When to use: With smaller databases, and in environments where the database outages during backup and restore periods can be tolerated.
Hot backup. Most modern database products include a mechanism to back up a live running database. A database command informs the application that a backup is being performed. Then the database does a checkpoint and all subsequent transactions are maintained in one or more log files. The database containers and the log files form a coherent entity that you can use to do a restore. Utilities such as Oracle's RMAN manage this process.
What such utilities don't do is manage tape volumes or manage schedules. That's why backup software vendors have created database-specific backup modules to provide a conduit between the database vendors' backup API and their own backup software (see "How database backup modules work").
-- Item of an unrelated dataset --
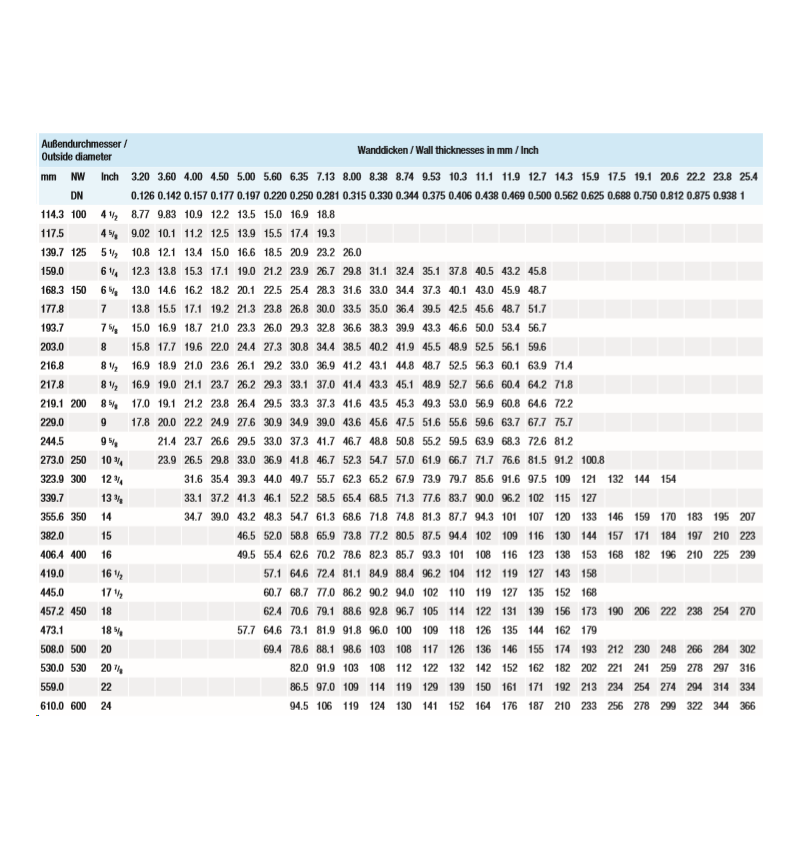 MLP TUBES MLP  NOUS CONSULTER MLP TUBES MLP  NOUS CONSULTER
The good news is that the database is always available during backup. Also, after the initial configuration, management of backup and recovery processes become one-step operations, because the backup utility is aware of the physical objects and logs required for a particular data set. The bad news is that it can still be timeconsuming to perform backups and restores.
When to use: In moderate to low transaction rate environments, where the database needs to be accessed throughout the day and the downtime associated with tape recovery is acceptable.
Split mirror/snapshot. The database is placed into hot backup mode, the split command is issued and the database is removed from hot backup mode. This happens in a matter of seconds. The volume copy is mounted and backed up independently of the database. The logs can also be backed up for point-in-time backup.
The database is always available during backup, and is only placed in a degraded mode momentarily. Split mirrors are exportable to other servers, enabling backups independently of the production database environment. If the split mirror is still available, restores can be done by simply reversing the direction of the synchronization process.
However, the added cost of hardware and software can be significant. Also, the initial scripting of the split mirror process and the ensuing change control process can become quite complex. Additionally, if a restore from tape is ever required, it is a multistage process that is often not understood and can be complex.
When to use: Large, high-transaction databases, and in other environments where the fastest recoverability is needed, and where performance impact of backups must be minimized.
A hybrid approach used in some environments is to do hot backups daily, but also to periodically perform a cold or logical backup to add an additional measure of recoverability. You can also employ a variety of strategies using multiple levels of split mirrors or snapshots with hot or cold backups. Incorporating replication technologies with one or more backup methods is also becoming a more common approach to addressing database backup/recovery issues.
As technology evolves, new approaches will emerge to address this vital data management issue. I'll be looking forward to evaluating and reporting on them.